Beim Holzhaus unterscheidet man zwischen Holzrahmen- und Holzmassivbauweise:

Holzrahmenbauweise

Eine der innovativsten Entwicklungen im traditionellen Holzbau und bereits seit Jahrzehnten bewährt in Skandinavien, Nordamerika und Mitteleuropa. Bei der Holzrahmenbauweise wird ein tragendes Gerüst aus Holzbalken mit Plattenwerkstoffen beplankt. Diese Plattenwerkstoffe sind üblicherweise Holz- oder Gipsfaserplatten. In den Zwischenräumen wird die Wärmedämmung eingebracht, sodass tragende Konstruktion und Dämmung in einer Ebene liegen. Auf diese Weise wird eine sehr gute Wärmedämmung bei geringen Wandstärken erzielt. Diese Bauart eignet sich hervorragend zur Konstruktion eines Niedrigenergie- oder Passivhauses.

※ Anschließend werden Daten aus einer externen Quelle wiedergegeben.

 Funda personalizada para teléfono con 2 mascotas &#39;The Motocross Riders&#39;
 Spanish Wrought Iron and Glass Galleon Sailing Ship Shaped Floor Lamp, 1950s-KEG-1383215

  1. 15 mm Gipskartonplatte
     
  2. Installationsebene
    Mind. 5 cm dicker Platz für sämtliche Elektroleitungen, Rohrleitungen, Staubsaugerleitungen, …
    Ev. dazwischen Dämmung
     
  3. 18 mm OSB Beplankung gemäß statischen Erfordernissen.
    Luftdicht verklebt als Dampfsperre
     
  4. Holzrahmenbauwände, dazwischen Wärmedämmung, Material nach Wunsch
     
  5. 15 mm Holzweichfaserplatte, diffusionsoffen
     
  6. Putzfassade
     
  7. Hinterlüftete Holzfassade

Holzmassivbauweise

In der Massivbauweise von Außenwänden ist die Dämmebene klar von der Tragstruktur getrennt. Bei der Massivbauweise ist zumeist keine Dampfbremse bzw. -sperre erforderlich. Im Vergleich zur Leichtbauweise können hohe speicherwirksame Massen vorliegen. Die durch die Verwendung von massiven, flächenhaften und lastabtragenden Platten- und Scheibenelementen geprägte Holz-Massivbauweise mit Brettsperrholz zeichnet sich durch eine hohe Gebäudesteifigkeit aus.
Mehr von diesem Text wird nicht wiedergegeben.